Des ombres, cependant, à ce tableau : la baisse du pouvoir d'achat et de la consommation intérieure, un nombre trop élevé de chômeurs et le poids de la fiscalité. Les taxes représentent en Belgique 31,9 % du PNB et on peut comprendre qu'à la veille d'une confrontation électorale le gouvernement se soit décidé à promettre — pour l'année 1986 — un allégement des barèmes fiscaux, qui seraient alors liés à l'indice des prix.

Le point le plus délicat reste, enfin, celui du poids de la dette publique et des emprunts extérieurs. Avec un montant nominal de 4 000 milliards de FB, la dette est devenue le point le plus important du budget national (22,7 %), derrière les dépenses sociales. Face à un déficit de 500 milliards (10,3 % du PNB), le gouvernement a adopté un plan triennal d'austérité et il envisage la privatisation, à l'anglaise, de certaines entreprises publiques, dans le secteur des transports et des télécommunications particulièrement. Cela ne suffit pourtant pas, et bien des augures n'hésitent pas aujourd'hui à prophétiser que la situation des finances publiques sera le principal problème belge de demain.

Le débat n'est pas neuf, qui veut accorder la priorité à l'économique, au primum vivere, ou bien céder à la passion linguistique et communautaire. L'année 1984 aura permis d'en percevoir l'acuité, sans pour autant y apporter de réponse définitive.

Guy Daloze

Danemark

L'austérité réussit

Les élections législatives anticipées du 10 janvier 1984 sont historiques pour deux raisons principales. Pour la première fois depuis 1924, un gouvernement de coalition bourgeois au pouvoir résiste à l'opposition social-démocrate et sort renforcé d'une consultation nationale. Deuxième enseignement du scrutin : le parti conservateur, force dominante du gouvernement, réalise son plus beau score depuis plus de trente ans. Il recueille 23,4 % des suffrages (+ 8,9 %) et le nombre de ses députés passe de 26 à 42.

La crise jugulée

De l'avis général, ce succès retentissant est dû en grande partie à la popularité du Premier ministre, Poul Schlüter, un libéral dont la politique de rigueur a donné rapidement des résultats spectaculaires.

L'inflation, encore à deux chiffres en 1982, a été ramenée à moins de 6 % en 1984 et le déficit budgétaire qui se creusait de façon alarmante est passé de 60 à 48 milliards de couronnes en deux ans.
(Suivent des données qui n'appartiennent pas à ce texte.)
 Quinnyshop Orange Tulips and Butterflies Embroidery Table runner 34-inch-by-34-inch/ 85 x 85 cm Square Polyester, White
Dans le même temps, la baisse radicale des taux d'intérêt a stimulé les investissements et l'activité industrielle. La croissance du revenu national, pour la deuxième année consécutive, se situe aux alentours de 3 % en 1984. Le résultat du scrutin du 10 janvier montre que les Danois sont prêts à consentir des sacrifices, sous forme par exemple d'une désindexation de leurs salaires sur les prix, à condition que ces sacrifices portent leurs fruits.

Gouvernement minoritaire

Le succès des conservateurs ne permet pas toutefois à la coalition, en place depuis l'automne 1982, de devenir majoritaire au Parlement, car il se fait principalement aux dépens de leurs partenaires du Centre démocrate, qui perd 7 sièges (8 au lieu de 15) par rapport à la consultation de 1981. Tout à fait à droite, les poujadistes du Parti du progrès, animé par l'avocat Mogens Glistrup — en prison pour fraude fiscale —, s'effondre. Il n'obtient que 6 sièges au lieu de 16 et 3,6 % des suffrages contre 8,9 % en 1981. Tout indique que le mouvement populiste, qui avait eu une certaine audience ces quinze dernières années, est en voie de disparition, et l'establishment politique se réjouit de la défaite des trouble-fête du parti des mécontents, anti-impôts. Au sein de la coalition quadripartite, les libéraux, qui sont les artisans de la stratégie de redressement économique, gagnent 2 sièges et comptent 22 députés dans la nouvelle assemblée.

À gauche, les sociaux-démocrates, qui avaient provoqué les élections anticipées en refusant de voter le projet de budget, demeurent le plus grand parti danois (31,6 % des voix), mais ils perdent 3 sièges (56 contre 59), tandis que le Parti socialiste populaire (21) et les socialistes de gauche (5) consolident leurs positions.